BEGIN THE DATA

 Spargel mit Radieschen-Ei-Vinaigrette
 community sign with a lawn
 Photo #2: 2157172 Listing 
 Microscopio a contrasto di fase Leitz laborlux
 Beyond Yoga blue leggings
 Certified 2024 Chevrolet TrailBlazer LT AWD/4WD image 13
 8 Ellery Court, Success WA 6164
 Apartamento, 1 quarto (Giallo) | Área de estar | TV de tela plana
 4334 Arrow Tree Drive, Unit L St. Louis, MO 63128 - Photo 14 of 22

END THE DATA
BEGIN THE DATA

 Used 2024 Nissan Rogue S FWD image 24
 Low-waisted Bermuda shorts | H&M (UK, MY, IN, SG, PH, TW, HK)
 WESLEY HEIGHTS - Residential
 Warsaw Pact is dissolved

END THE DATA

TASK BRIEF
Across the whole listing above, report each line that includes "image".

TASK RESULT
 Certified 2024 Chevrolet TrailBlazer LT AWD/4WD image 13
 Used 2024 Nissan Rogue S FWD image 24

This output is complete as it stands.